Data access and storage components cluster within the following subsystems, where each subsystem specialises along the structure or the semantics of the data:

the Tree-Based Access subsystem
groups components that implement access and storage facilities for structured data of arbitrary semantics, origin, and size.
The subsystem focuses on uniform access to structured data for cross-domain processes, including but not limited to system processes.
A subset of the components build on the generic interface and specialise it to data with domain-specific semantics, including document data and semantic data.

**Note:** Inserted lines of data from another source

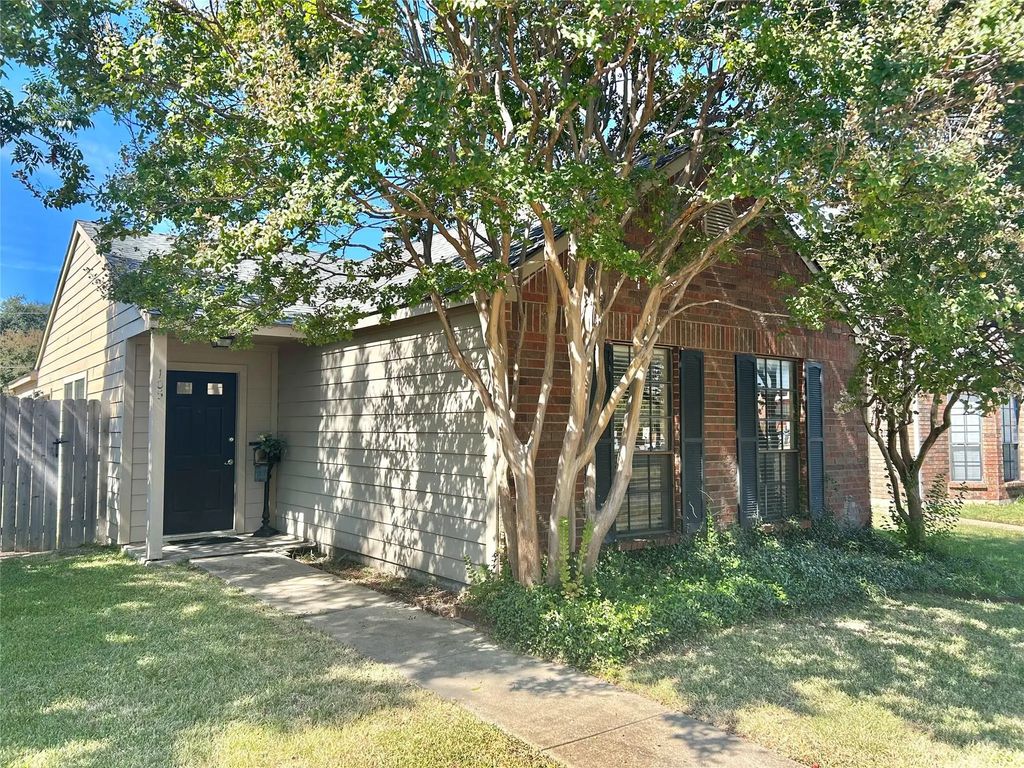 105 S Macarthur Boulevard, Coppell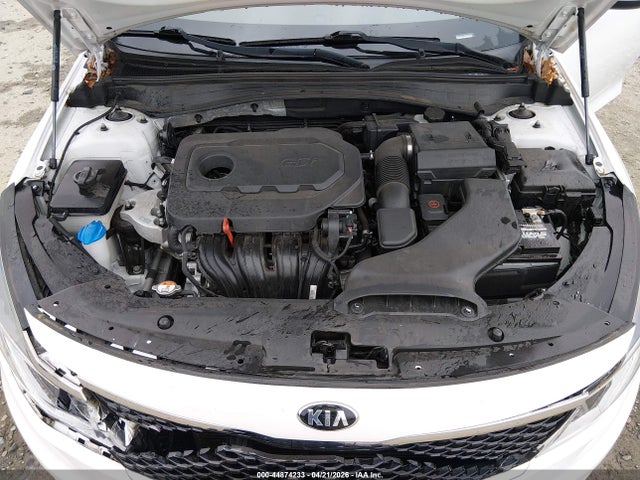 5XXGT4L36JG185500 KIA Optima Lx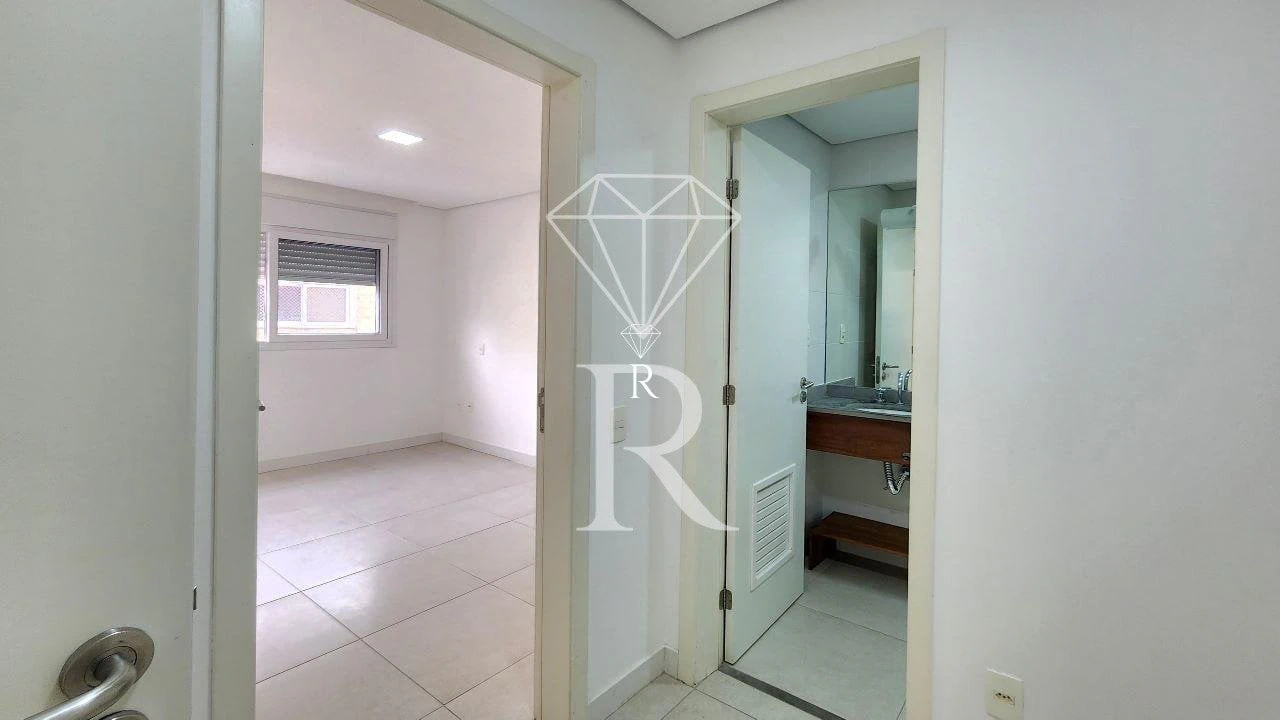 3-bedroom apartment with a private pool in Florianópolis — photo 18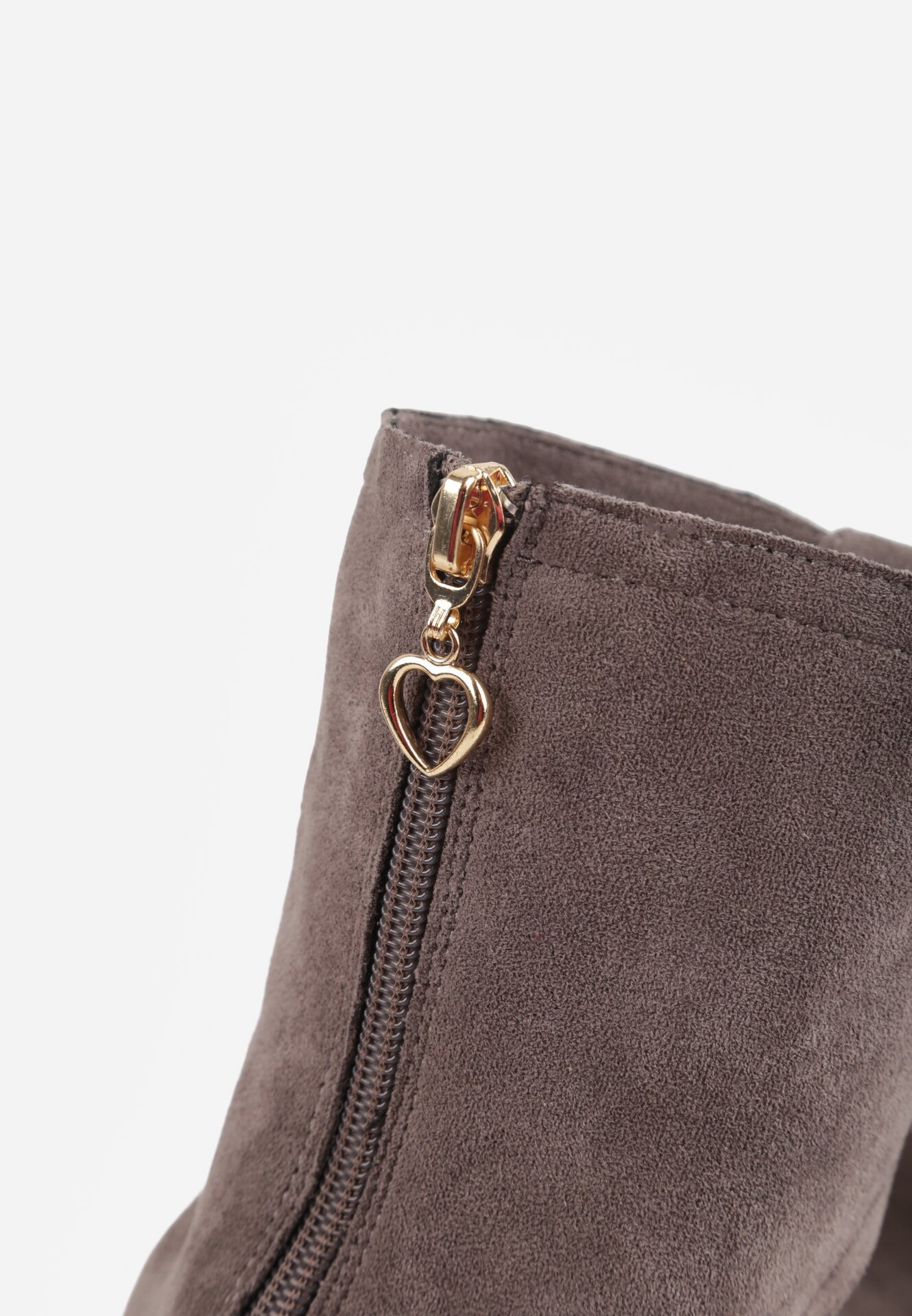 Szare Sandały w Stylu Botków z Ozdobną Klamrą Theaneasi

the Biodiversity Access subsystem
groups components that implement access and storage facilities for structured data with biodiversity semantics and arbitrary origin and size;
The subsystem focuses on uniform access to biodiversity data for domain-specific processes and feeds into the Tree-Based Access subsystem.
the File-Based Access subsystem
groups components that implement access and storage facilities for unstructured data with arbitrary semantics and size;
The subsystem focuses on storage and retrieval of bytestreams for arbitrary processes, including but not limited to system processes.